CO₂-Grenzwerte Europaparlament stimmt für Verbrenner-Aus

Ab dem Jahr 2035 sollen Neuwagen in der EU kein CO₂ mehr ausstoßen dürfen. Diesem faktischen Verbot für Benzin- und Dieselmotoren hat das Europaparlament zugestimmt.
Auslaufmodelle: Mercedes-Autohaus in Berlin

Auslaufmodelle: Mercedes-Autohaus in Berlin

Foto: Krisztian Bocsi / Bloomberg / Getty Images

EU-Abgeordnete haben am Mittwochabend ein effektives Verkaufsverbot für neue Autos mit Benzin- und Dieselantrieb auf den Weg gebracht. Das Europaparlament nahm einen Vorschlag der EU-Kommission mit 339 Ja- zu 249 Neinstimmen an. Demnach würden die Autohersteller verpflichtet, die CO₂-Emissionen ihrer Neuwagenflotten bis 2035 um 100 Prozent zu senken. Danach wäre ein Verkauf von Fahrzeugen mit Verbrennungsmotor nur noch unter hohen Strafen möglich.

Die EU-Kommission hatte die drastische Verschärfung ihrer Grenzwerte als Teil ihres Programms zum Klimaschutz vorgeschlagen. Teile der Industrielobby und konservative Abgeordnete hatten darauf gedrängt, das Ziel auf 90 statt 100 Prozent weniger Emissionen zu senken, um eine Nische für Verbrennungsmotoren zu lassen. Auch ein Schlupfloch für die Anrechnung synthetischer Treibstoffe (E-Fuels) war in der Diskussion, fand jedoch keine Mehrheit. »Froh und erleichtert« äußerte sich der niederländische Liberale Jan Huitema, der den Gesetzentwurf im Parlament vorbrachte.

Endgültig beschlossen ist das Gesetz noch nicht. Zunächst wurde der Umweltausschuss beauftragt, mehrere Änderungsanträge einzuarbeiten. Grundsätzlich aber steht die Verhandlungsposition des Parlaments gegenüber Kommission und Mitgliedstaaten fest. Dass das Vorhaben dort noch kippt, gilt als wenig wahrscheinlich.

Am selben Tag hatte das Parlament große Teile des Klimapakets überraschend abgelehnt, darunter auch die geplante Ausweitung des Emissionshandels mit CO₂-Zertifikaten auf Verkehr und Gebäude. Die Abgeordneten fanden keine Mehrheit zur Klärung der Frage, ob das bestehende System zum Emissionshandel verschärft oder gelockert werden soll. Nachdem Konservative und Rechte mit Änderungsanträgen die Vorlagen aufweichten, lehnten Sozialdemokraten und Grüne die Gesetzentwürfe insgesamt ab.

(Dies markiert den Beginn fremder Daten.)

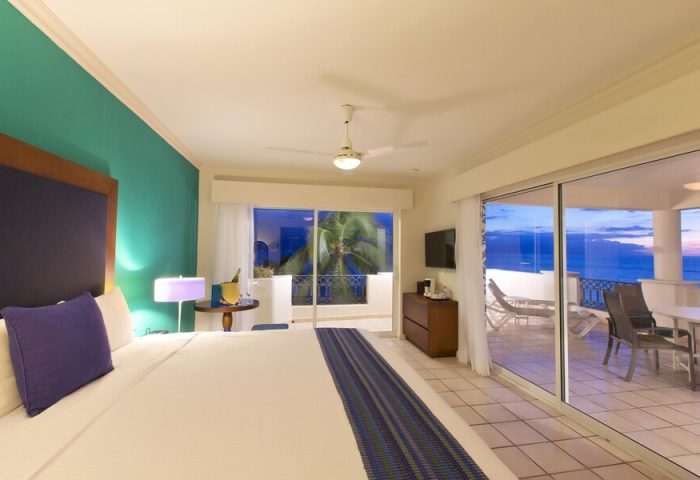 Crown Paradise Golden Adults Only gay-friendly hotel room. Balcony view, ocean, bed, and modern decor. All-inclusive resort for gay men.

Das Gesetz wurde zurück an den Umweltausschuss verwiesen, um einen neuen Kompromiss zu finden, der von einer Mehrheit getragen werden kann. Auch wichtige Abstimmungen über einen CO₂-Zoll an den EU-Außengrenzen und den Klimasozialfonds für einkommensschwache Haushalte wurden verschoben.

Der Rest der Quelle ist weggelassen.